Robyn Nevin


Robyn Anne Nevin is an Australian actress, director, and former head of the Sydney Theatre Company. She is best known for her roles as Councillor Dillard in The Matrix Reloaded and The Matrix Revolutions, and as Edna in the horror film Relic.

Early life

Robyn Nevin was born in Melbourne, to Josephine Pauline Casey and William George Nevin. She was educated at Genazzano Convent until the age of 11, when she moved with her family moved to Hobart, Tasmania, and was enrolled at the Fahan School, a non-denominational school for girls. While there, she played the lead in the school's production of Snow White at the Theatre Royal.

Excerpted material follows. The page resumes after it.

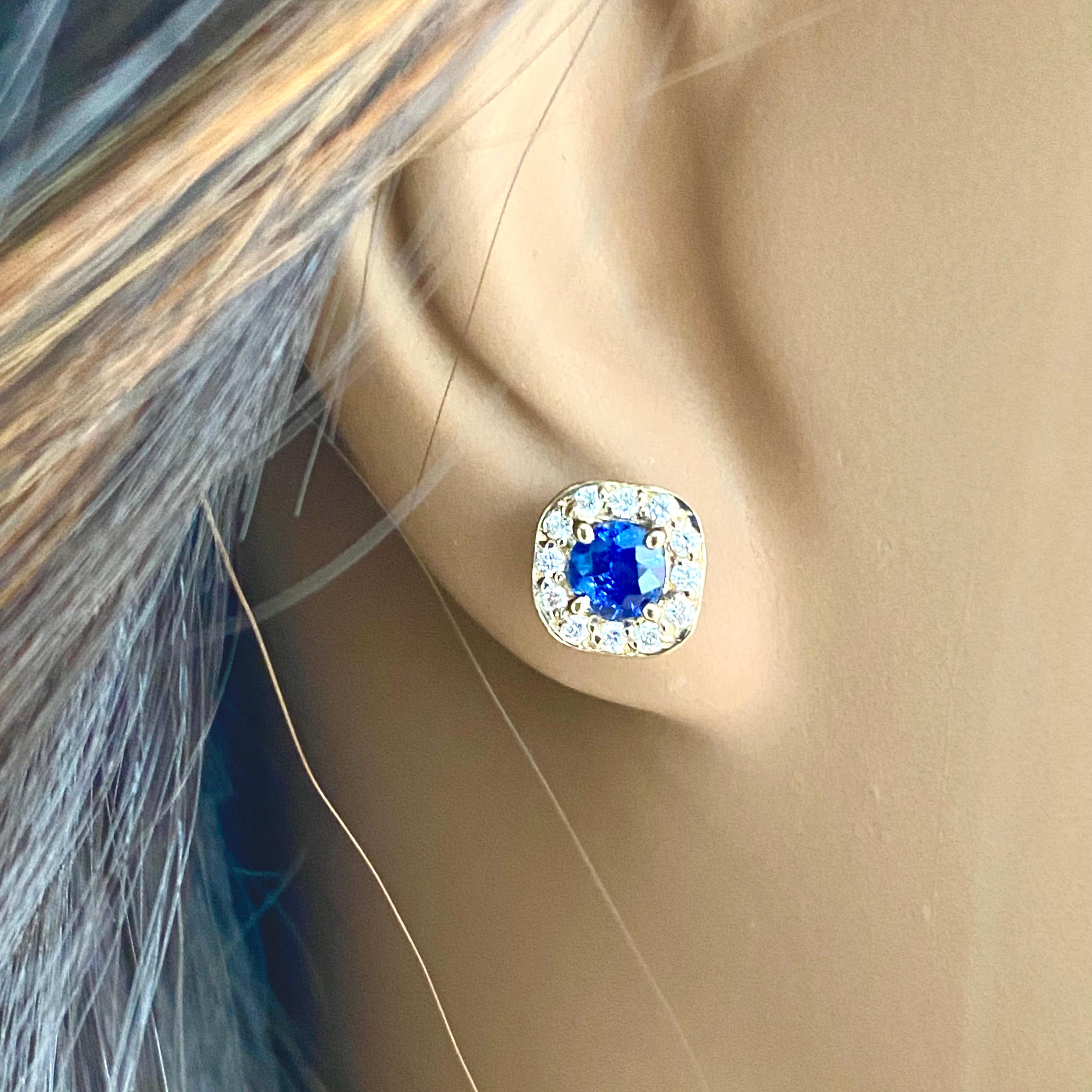 Paar quadratische Ohrstecker mit Saphiren und Diamanten aus Gelbgold 6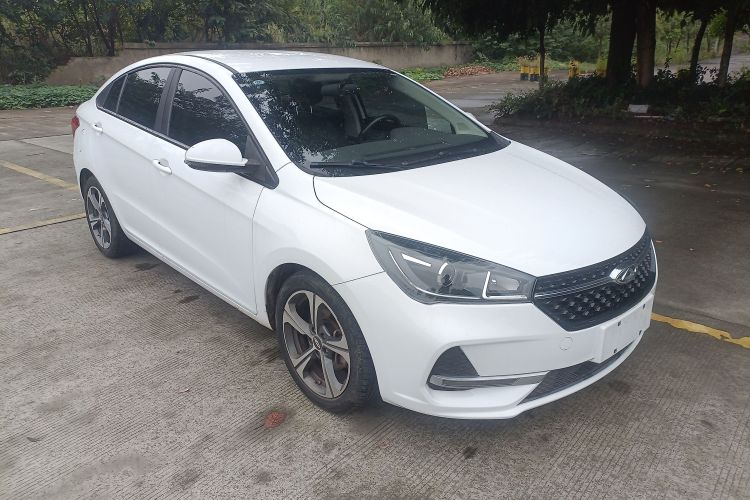 奇瑞 艾瑞泽5 2019款 改款PRO 1.5L 手动青春版 国VI车身外观3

Her parents were conservative and conventional, her father the managing director of Dunlop Australia, her mother a housewife, so to enter the National Institute of Dramatic Art at the age of 16 in the very first intake in 1959 was a brave step, in which she was fully supported by her parents.

Career

At the outset of her career, she had a variety of roles in radio and television, working mainly at the Australian Broadcasting Commission, including current affairs, music, chat shows and children's shows throughout the early 1960s. With the Old Tote Theatre Company she acted in The Legend of King O'Malley by Bob Ellis and Michael Boddy in 1970. She gravitated back to theatre, where she has been a constant presence for the last 40 years.
Although theatre has been her home ground she has also starred in numerous Australian films and mini-series, landing many credits for strong supporting roles. She made one foray into directing in The More Things Change....
In 1996 she became Artistic Director of the Queensland Theatre Company, a position which she held with great success, rescuing the company from bankruptcy and leaving it flourishing in 1999, when she took over the position of Artistic Director of the Sydney Theatre Company, where she was Artistic Director until the end of 2007, having created such memorable additions as The Actor's Company, the only professional repertory company in the nation, and the hugely successful Wharf Revue.
Nevin has performed in a range of roles at the Sydney Theatre Company, beginning in 1979 as Miss Docker in A Cheery Soul by Patrick White ; and also including as Roxane in Cyrano de Bergerac in 1981; as Ranyevskaya in The Cherry Orchard by Anton Chekhov in 2005; and as Mrs Venable in Suddenly Last Summer by Tennessee Williams in 2015.

Awards and honours

Nevin has won multiple Helpmann, Green Room and Sydney Theatre Awards for her theatre work. Her Helpmann Awards include Best Female Actor in a Play for Women of Troy, Best Female Actor in a Supporting Role in a Play for Summer of the Seventeenth Doll, and Best Female Actor in a Supporting Role in a Musical for My Fair Lady.
In 1981, she won the TV Logie award in the 'Best Lead Actress in a Miniseries or Telemovie' category for her role as Shasta in Water Under The Bridge on the Ten Network. She had already won Logies as 'Most Popular Female' in Tasmania in 1965 and 1967 during her stint at the ABC.
On 8 June 1981, she was made a Member of the Order of Australia for services to the performing arts.
In 1999 she was awarded an honorary doctorate from the University of Tasmania.
On 21 January 2004 she gave the Australia Day Address.

Personal life

Nevin has been married twice, most notably in her second marriage to "prison playwright" Jim McNeil. She currently lives with her partner, US-born actor and screenwriter Nicholas Hammond. They met when they starred in Alan Ayckbourn's Woman in Mind at the STC in 1987. From her first marriage to Barry Crook, she has a daughter Emily Russell who is also an actor.